**** Supplied information ****

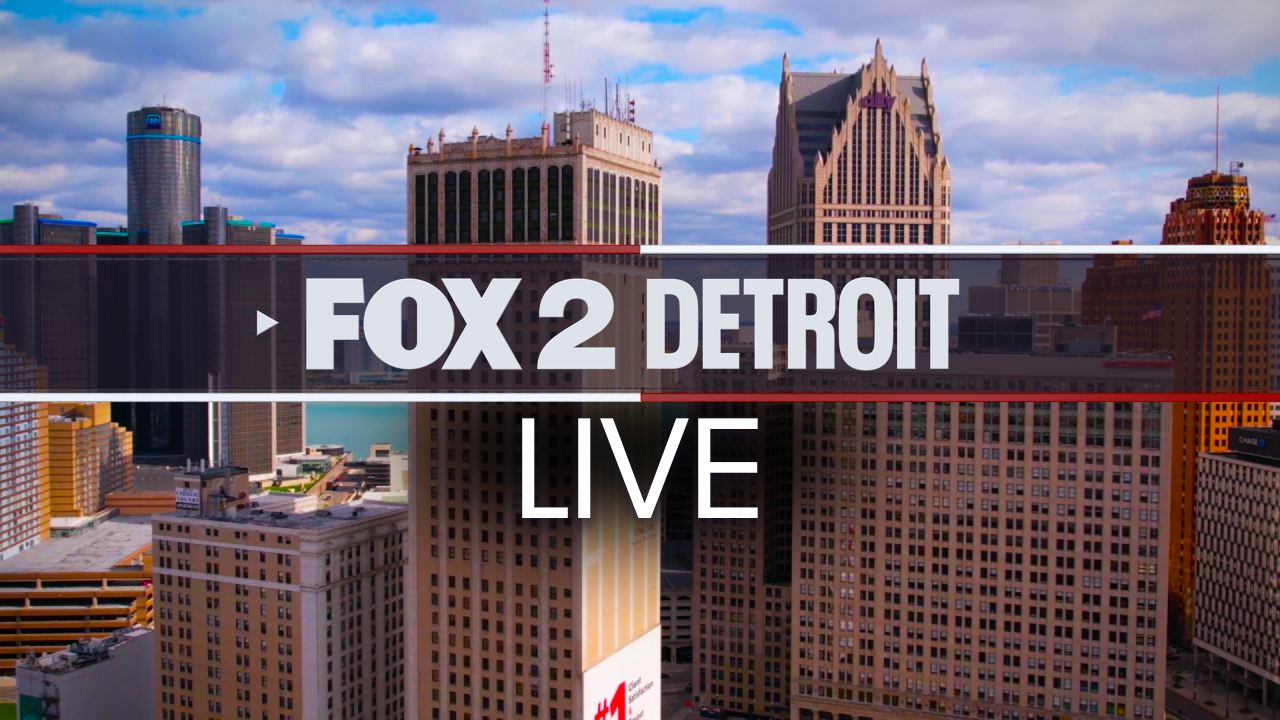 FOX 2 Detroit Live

****
**** Supplied information ****

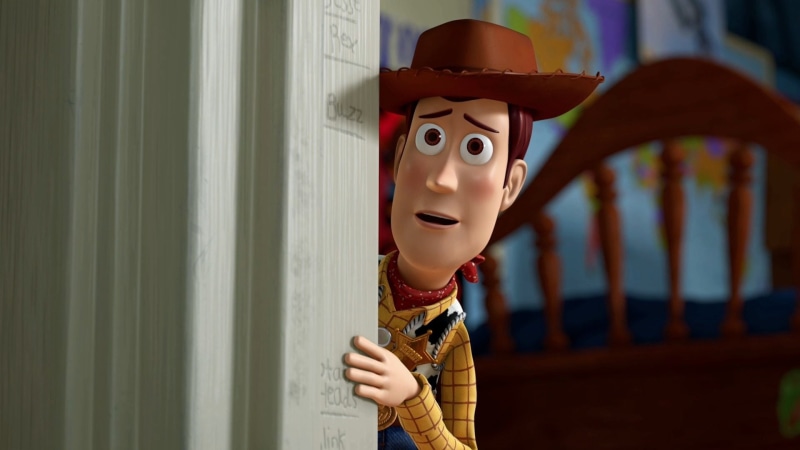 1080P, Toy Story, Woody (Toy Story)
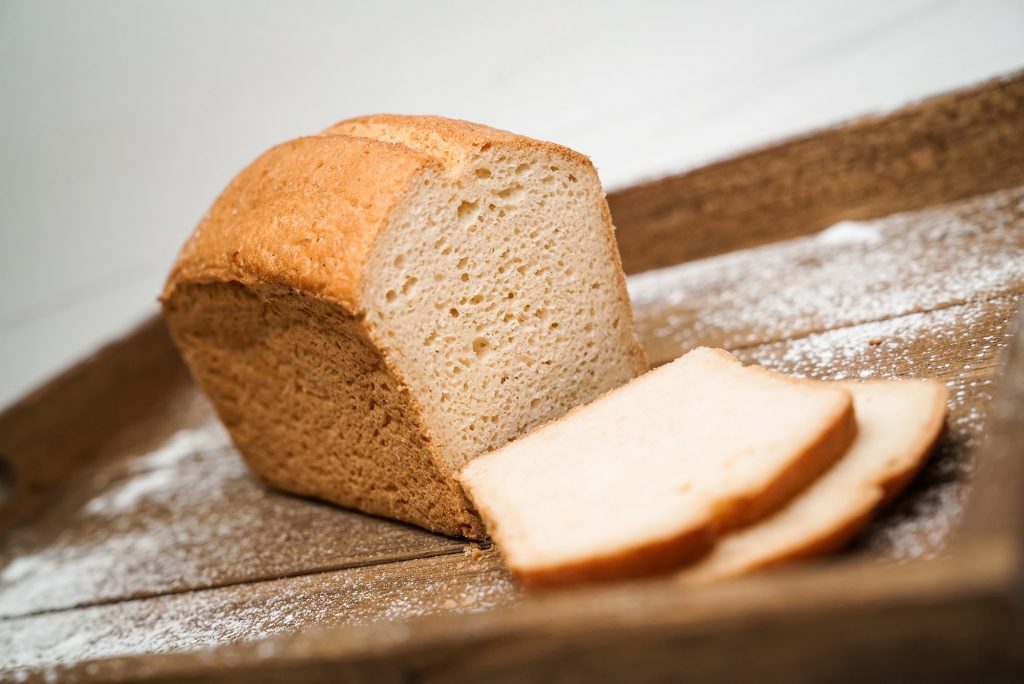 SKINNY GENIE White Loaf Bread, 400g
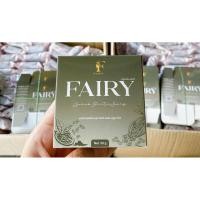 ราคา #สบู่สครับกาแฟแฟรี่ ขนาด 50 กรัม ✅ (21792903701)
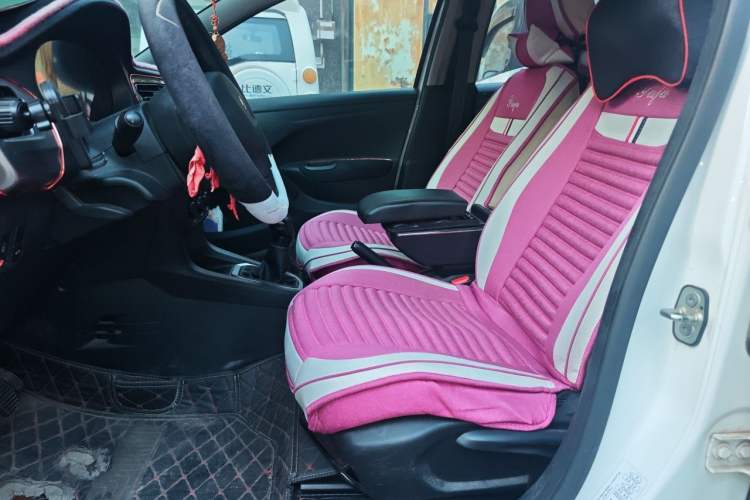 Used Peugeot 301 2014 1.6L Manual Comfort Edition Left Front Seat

****

- **Exercise instructions**
Copy exactly, without pictures, the lines above from the one with "1080P, Toy Story, Woody (Toy Story)" down to the one with "Used Peugeot 301", inclusive.

- **Written reply**
 1080P, Toy Story, Woody (Toy Story)
 SKINNY GENIE White Loaf Bread, 400g
 ราคา #สบู่สครับกาแฟแฟรี่ ขนาด 50 กรัม ✅ (21792903701)
 Used Peugeot 301 2014 1.6L Manual Comfort Edition Left Front Seat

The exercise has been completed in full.